Give the data again exactly as written, skipping any pictures.
##### Data block
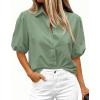 image:imageBTFBM Womens Button Down Shirts Short Puff Sleeve Collared V Neck 2026 Summer Tops Dressy Casual Work Business BlousesSage Green
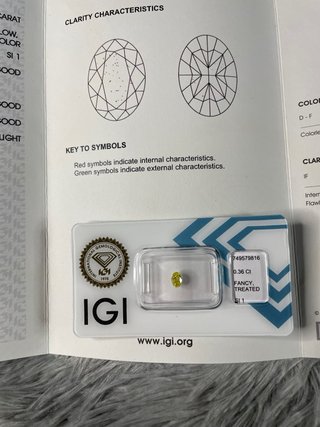 Diamante Natural IGI Amarillo 0.36 CT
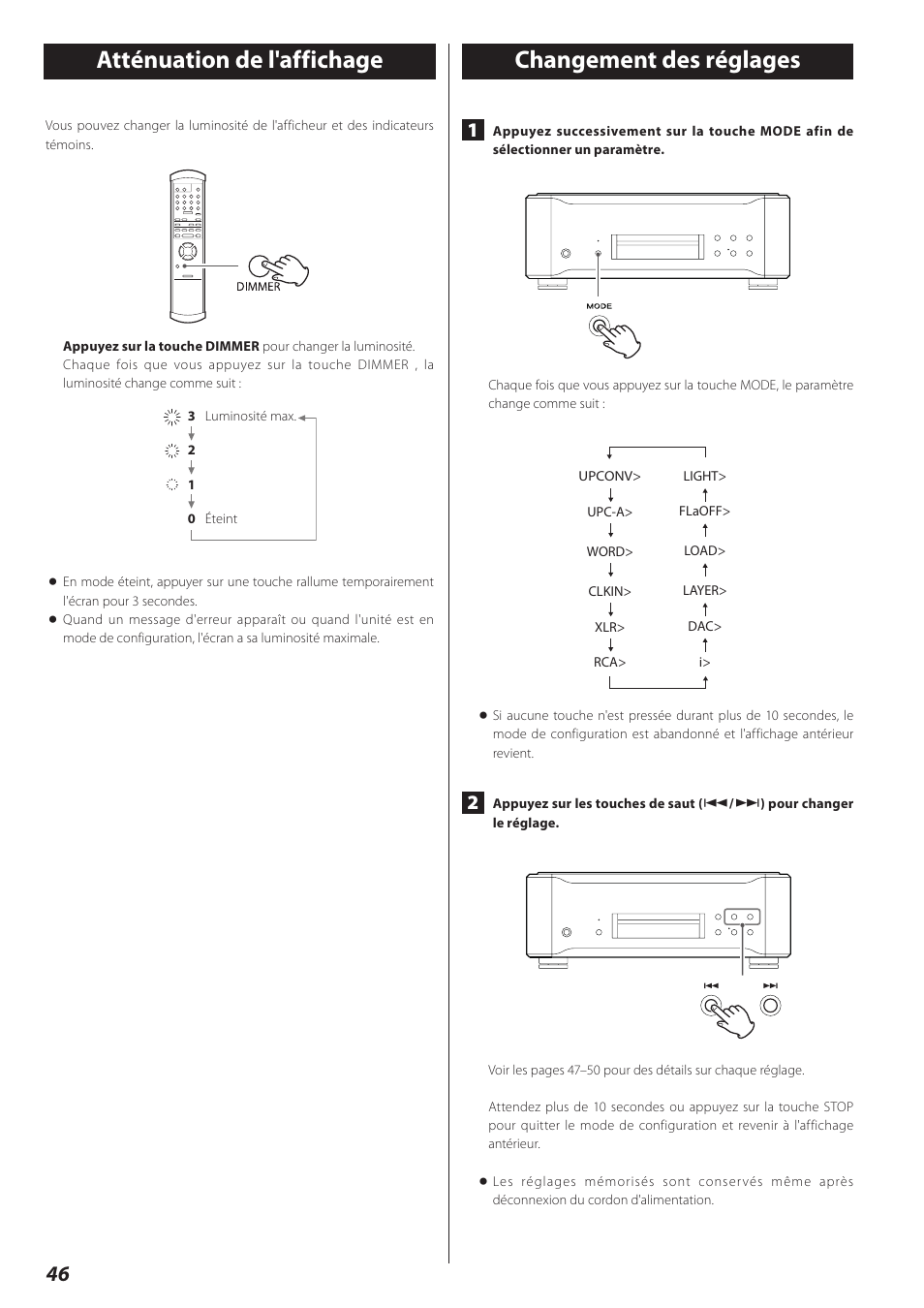 Atténuation de l'affichage, Changement des réglages, Atténuation de l'affichage changement des réglages | Changement des réglages atténuation de l'affichage | Teac P-02 User Manual | Page 46 / 84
##########
_Answer to the problem_
 image:imageBTFBM Womens Button Down Shirts Short Puff Sleeve Collared V Neck 2026 Summer Tops Dressy Casual Work Business BlousesSage Green
 Diamante Natural IGI Amarillo 0.36 CT
 Atténuation de l'affichage, Changement des réglages, Atténuation de l'affichage changement des réglages | Changement des réglages atténuation de l'affichage | Teac P-02 User Manual | Page 46 / 84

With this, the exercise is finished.